The government has sought to identify the capacity of the National Health Service to deal with the epidemic as the central measure of its success in addressing the crisis. But Richards believes that the polls tell a story that should rattle nerves in Downing Street.
“What is so interesting about this crisis is that at one level you have to be a scientist to understand it but on another, it is a much more accessible crisis than the financial crash or Brexit.
“Elements of this are simple to understand. I think the high death rate, the promises to sort out PPE, the pledges on testing that aren’t met, all of these things I think are beginning to permeate now and polls suggest that the ratings, although still high, are falling, and it’s quite interesting that Starmer’s personal ratings are going up a lot,” he said.

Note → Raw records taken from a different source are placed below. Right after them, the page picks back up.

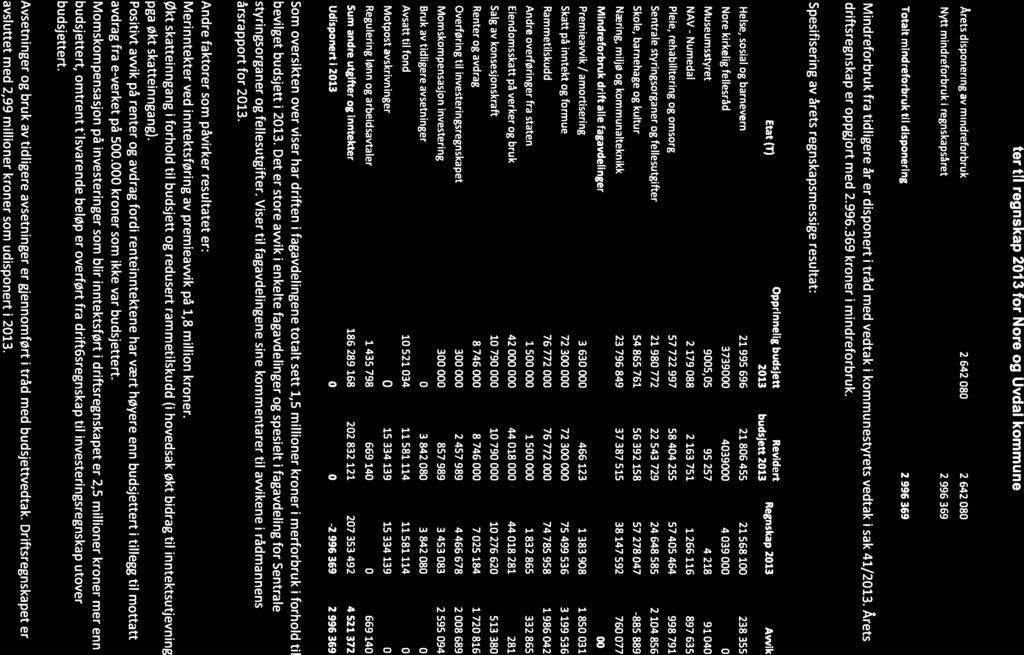 Numedal Noter til regnskap 2013 for Nore og Uvdal kommune Årets disponering av mindreforbruk Nytt mindreforbruk i regnskapsåret 26420801 2642O8O 2996369 Totalt mindreforbruk til disponering 29963691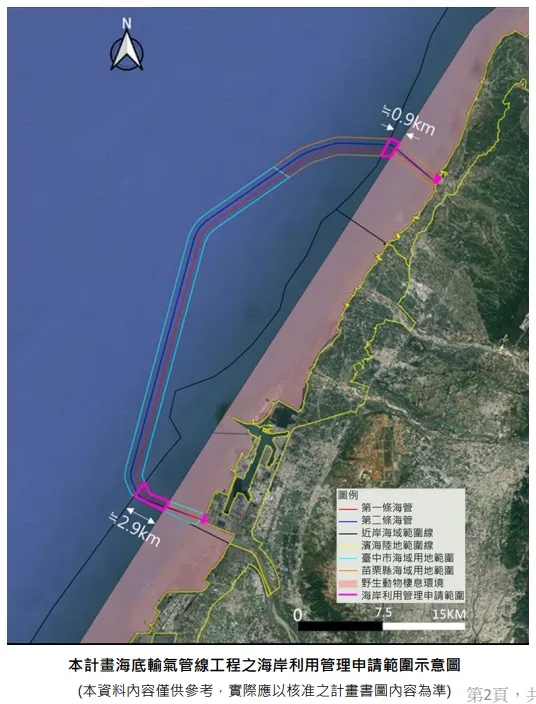 2條海底輸氣管線分別長約55.2公里及56.7公里，連接台中港接收站至通霄發電廠。市府提供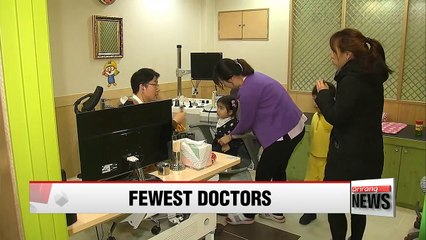 Korea has lowest number of doctors per person in OECD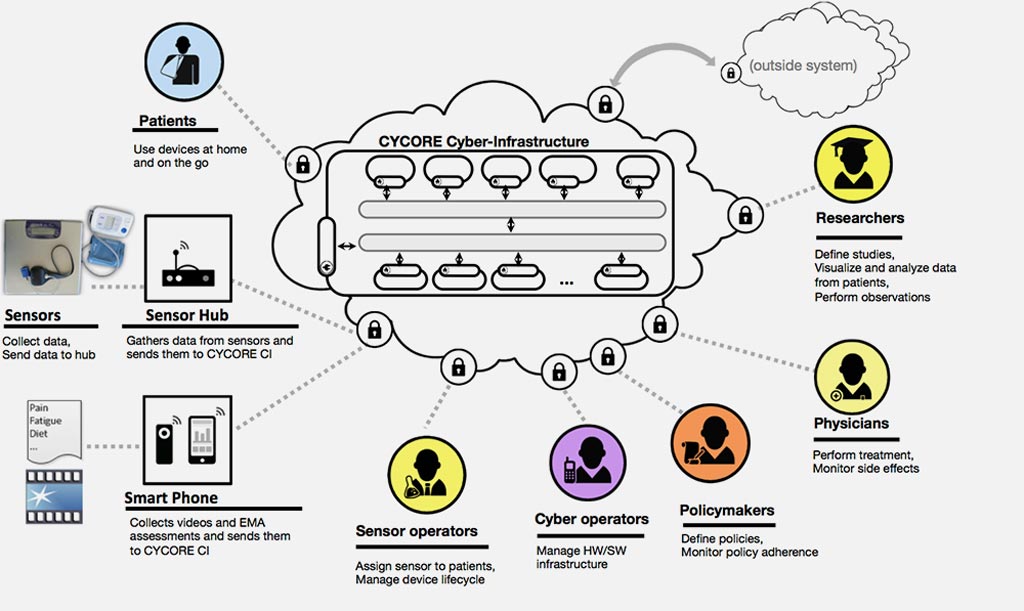 Imagen: Un diagrama de varias funciones de los participantes en el sistema CYCORE (Fotografía cortesía del MD Anderson).
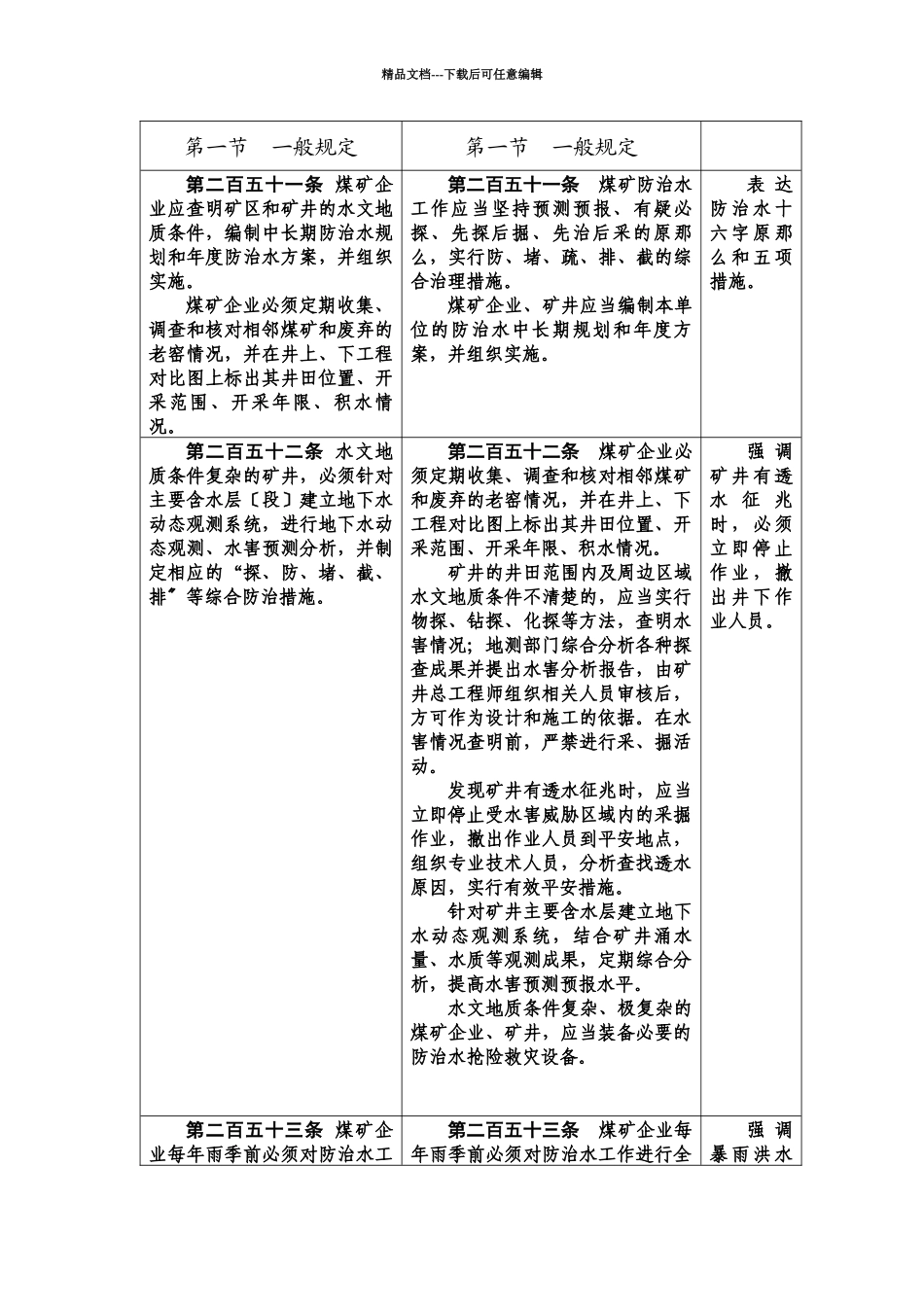 10关于征求《煤矿安全规程》_第2页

“So I think that protective shield that helped at first, that the NHS was not overrun, is proving over a longer term to be a flimsy defence when there are so many other accessible statistics around to show that things are going wrong.”
After weeks on the defensive, there were signs this week that Downing Street is preparing to go back into attack mode and ramping up the rhetoric again on Brexit. But although Johnson’s advisers remain buoyed by the polling they pore over obsessively, Richards says it is hard to see how the coronavirus story ends well for the government.
"It looks as if, however it's portrayed, that the UK will have one of the highest death tolls in Europe. And the economic consequences are going to involve so many tough decisions that I think it's quite hard," he said.
"And here there is another parallel with 2008: that even though some credited Brown with avoiding a sort of depression, the decisions he had to take afterwards, spending cuts, tax rises and so on, were unpopular. So someone like Rishi Sunak is hugely popular now as he gives money away but he will have to take tough decisions, which people won't like. So I think it's quite hard to see how this becomes a good news story for the government."